NADPH-dependent chemiluminescence was virtually abolished by the flavoprotein inhibitor DPI and the O2– scavenger Tiron. Furthermore, Tiron abrogated the increase in ROS production induced by 60 min of exposure to 1 µM ANG II. Taken together, these results indicate that neither NAD(P)H oxidase-mediated ROS production nor ROS coming from other sources is involved in the negative intropic response induced by the peptide.

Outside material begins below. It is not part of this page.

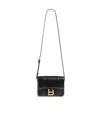 Balenciaga Black Leather Small Hourglass Crossbody Bag In Black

Specific inhibition of p38 MAPK abolishes the ANG II-induced negative inotropic effect. To study the possible role of p38 MAPK activation on the reduction of contraction induced by ANG II, cells were treated with 10 µM of the specific p38 MAPK inhibitor SB-202190 (SB). Figure 5 depicts representative recordings of the effect of ANG II on cell length in the absence and presence of SB. Treatment of cells with SB significantly increased the cell contraction amplitude (Fig. 5, right). This effect, which within ~10 min reaches steady state, has been attributed to the inhibition of endogenous p38 MAPK activity (24). When ANG II was applied after the effect of SB had reached steady state, the peptide failed to induce a negative inotropic effect. Moreover, in another series of experiments in which ANG II was applied until the typical negative inotropic effect had settled in and SB was then given in the continued presence of ANG II, the inhibitor was able to revert the negative inotropic effect induced by ANG II, returning contractility to a level slightly above baseline, similar to the one observed by SB alone. Moreover, incubation of myocytes with ANG II for 20 min induced an increase in p38 MAPK activity, as revealed by the increase in the ratio of phosphorylated p38 MAPK to nonphosphorylated p38 MAPK. ANG II produced a 68 ± 24% increase in p38 MAPK activity with respect to control. Interestingly, the ANG II-induced increase in p38 MAPK activity was significantly suppressed by calphostin C and genistein (12 ± 9% and –8 ± 8% with respect to control, respectively). These results suggest that p38 MAPK activation mediates the negative inotropic response induced by the peptide and that PKC and tyrosine kinases are involved as intermediate messengers.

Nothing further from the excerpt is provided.